=== RECORDS FOR THE TASK ===
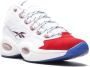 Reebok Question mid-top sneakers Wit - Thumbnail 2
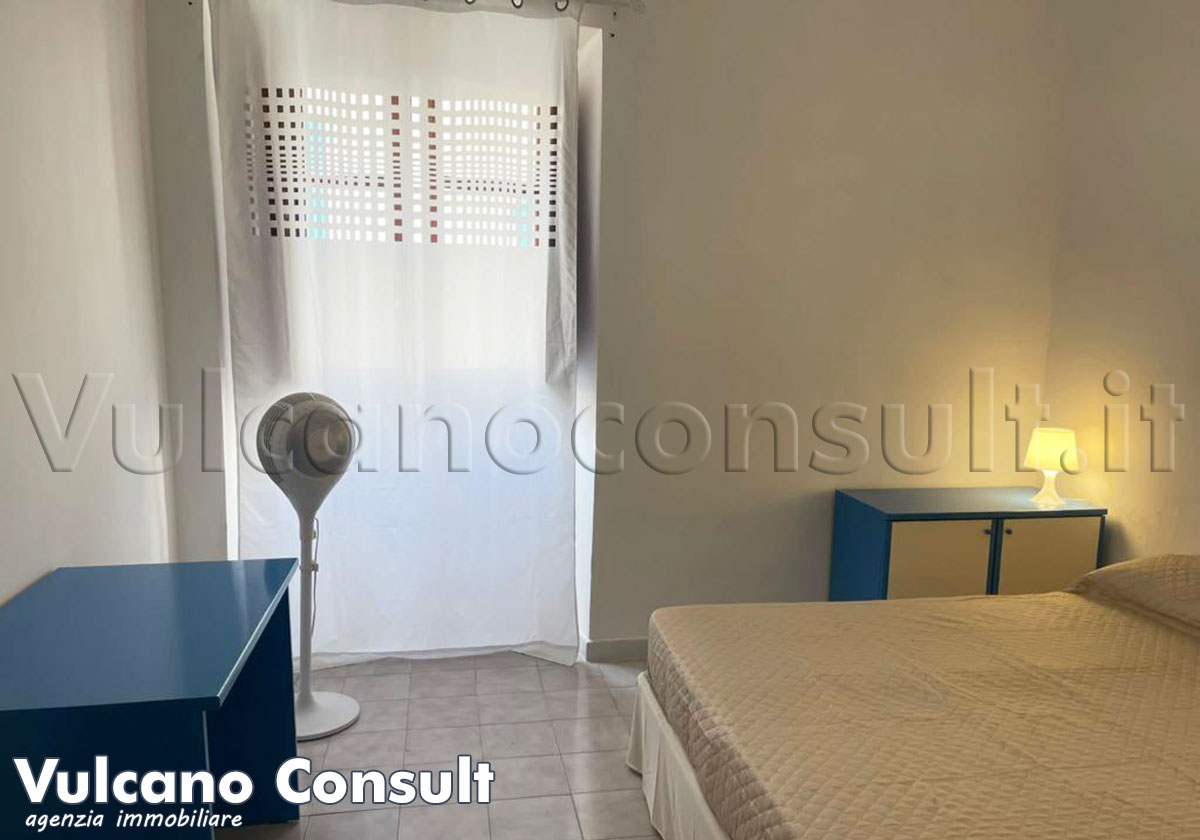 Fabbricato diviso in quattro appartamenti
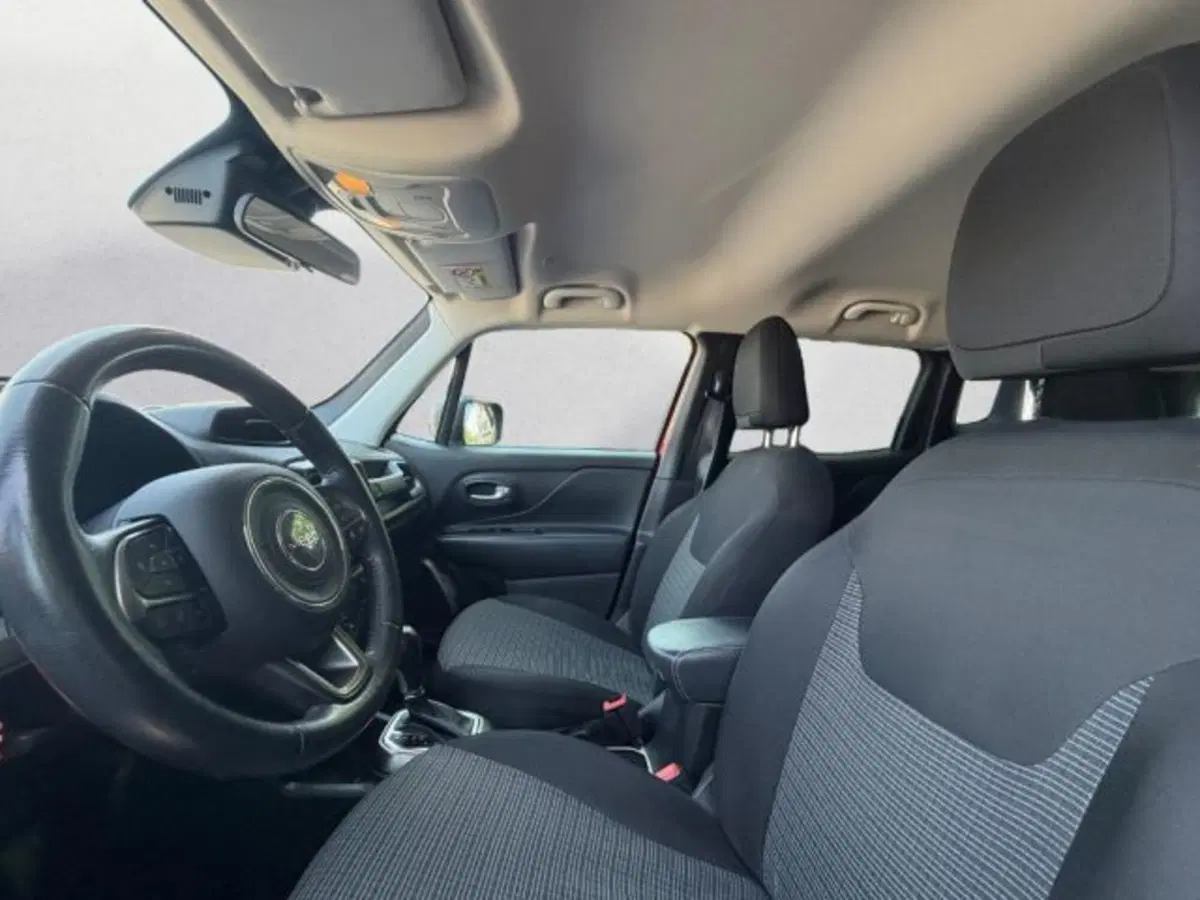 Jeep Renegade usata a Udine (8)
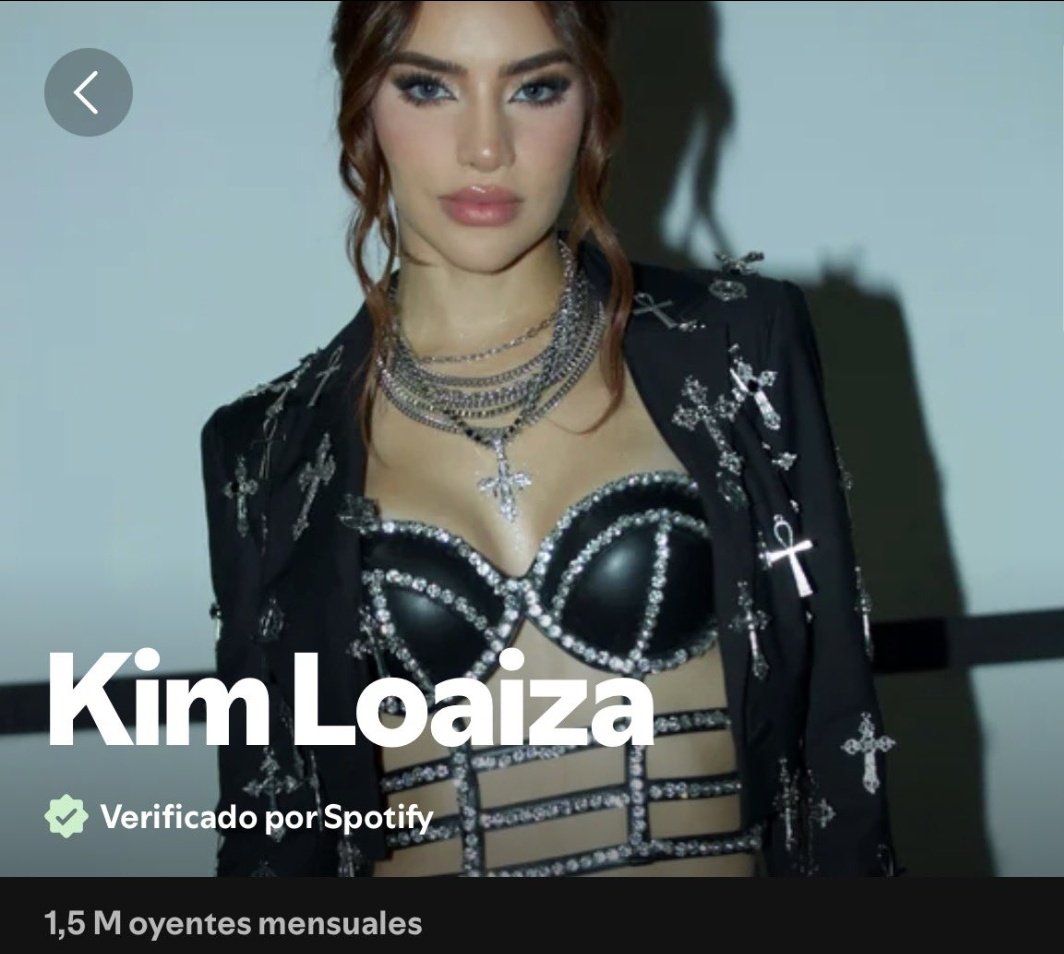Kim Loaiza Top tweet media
---
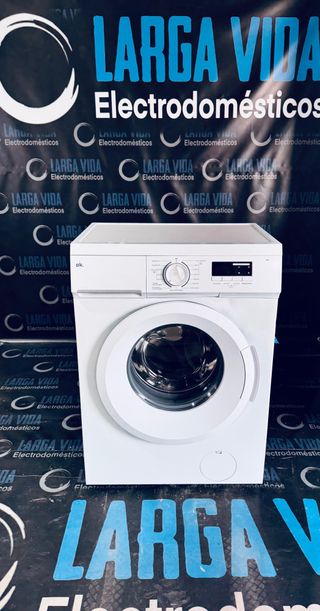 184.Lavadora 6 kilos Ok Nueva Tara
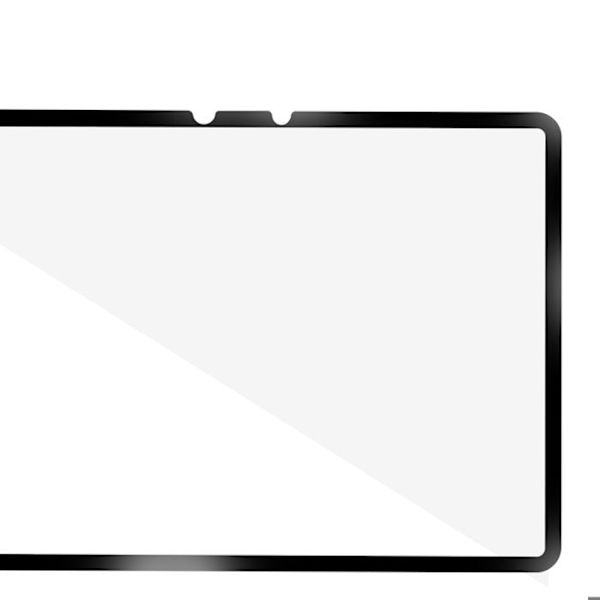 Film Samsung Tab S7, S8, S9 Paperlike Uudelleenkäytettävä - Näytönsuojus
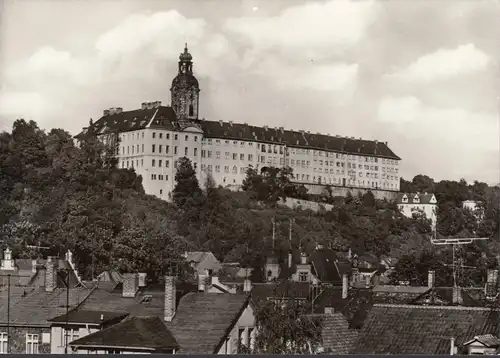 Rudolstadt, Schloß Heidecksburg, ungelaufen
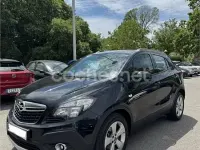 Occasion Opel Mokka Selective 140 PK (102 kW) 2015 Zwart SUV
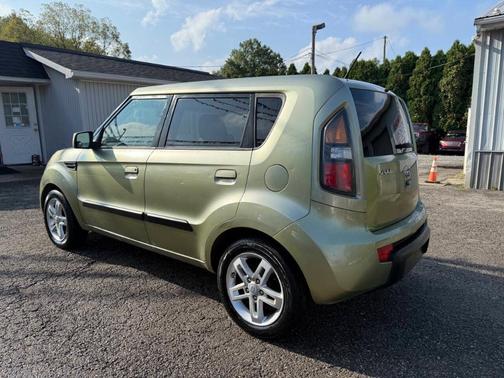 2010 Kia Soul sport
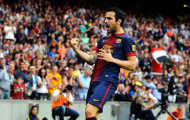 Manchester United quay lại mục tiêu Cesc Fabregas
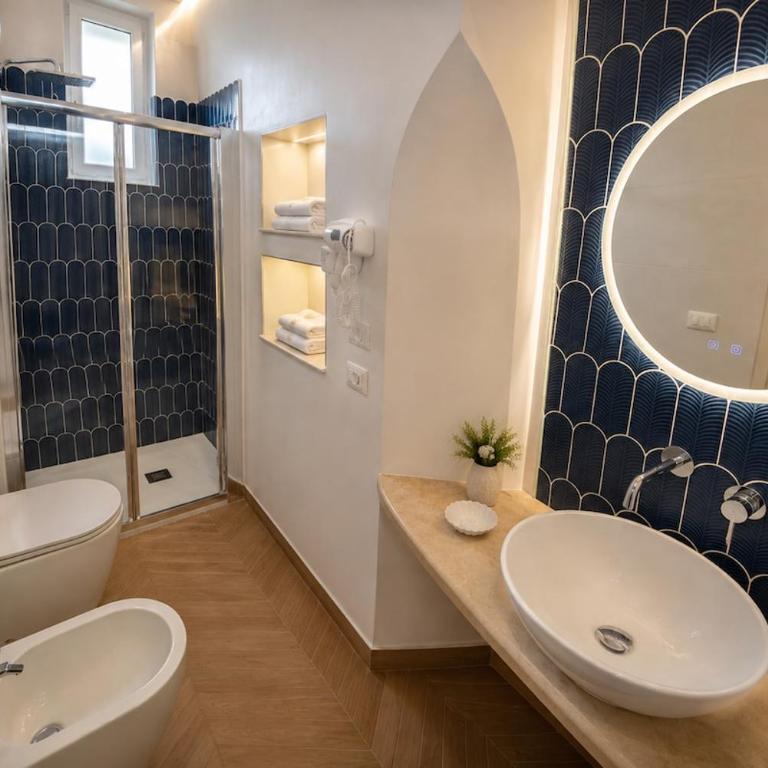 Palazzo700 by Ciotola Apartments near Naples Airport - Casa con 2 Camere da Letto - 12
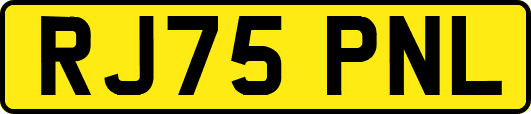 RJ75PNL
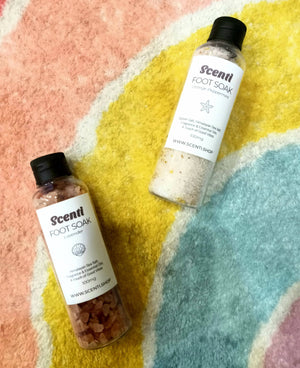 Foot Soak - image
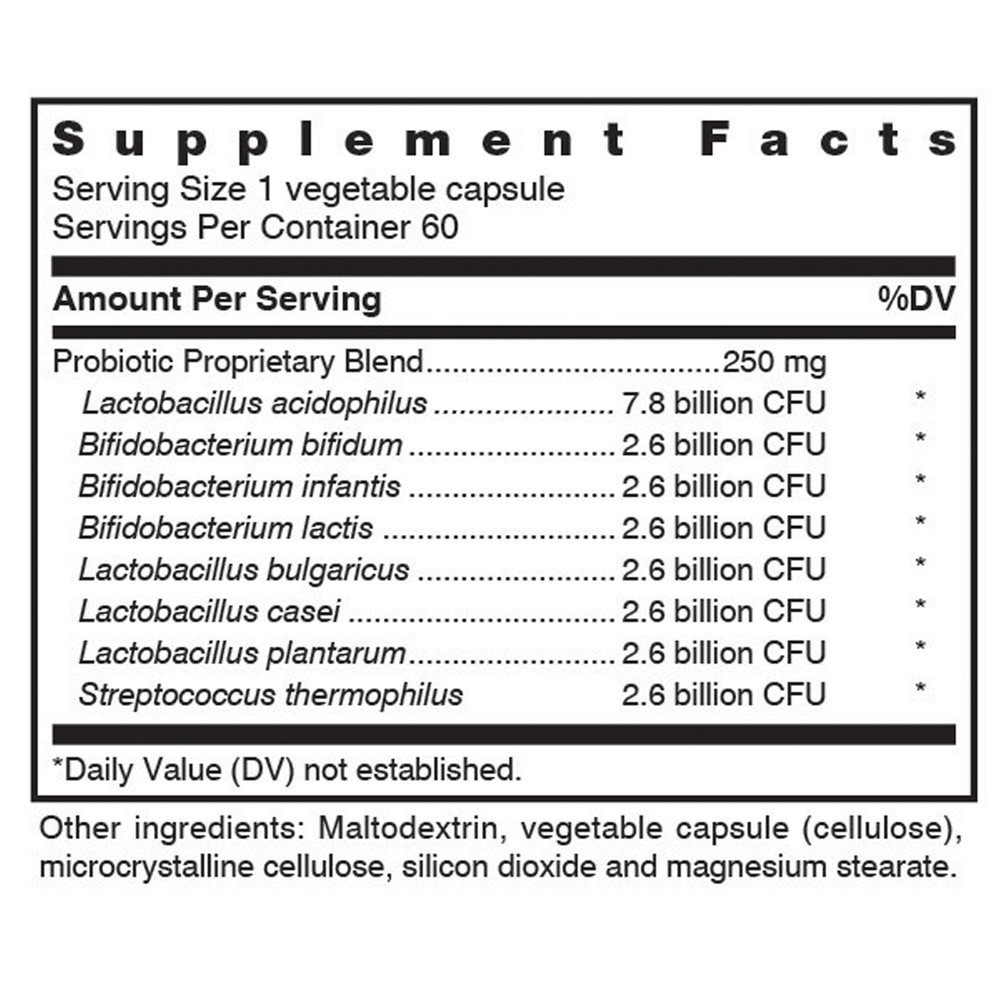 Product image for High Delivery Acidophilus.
--
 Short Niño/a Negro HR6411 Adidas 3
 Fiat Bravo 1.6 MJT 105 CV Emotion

=== WHAT YOU WILL DO ===
Extract the part of the records that opens with the line containing "Rudolstadt, Schloß Heidecksburg, ungelaufen" and closes with the line containing "Product image for High Delivery Acidophilus.". Take only those lines, exactly, and no pictures.

=== ANSWER TO THIS TASK ===
 Rudolstadt, Schloß Heidecksburg, ungelaufen
 Occasion Opel Mokka Selective 140 PK (102 kW) 2015 Zwart SUV
 2010 Kia Soul sport
 Manchester United quay lại mục tiêu Cesc Fabregas
 Palazzo700 by Ciotola Apartments near Naples Airport - Casa con 2 Camere da Letto - 12
 RJ75PNL
 Foot Soak - image
 Product image for High Delivery Acidophilus.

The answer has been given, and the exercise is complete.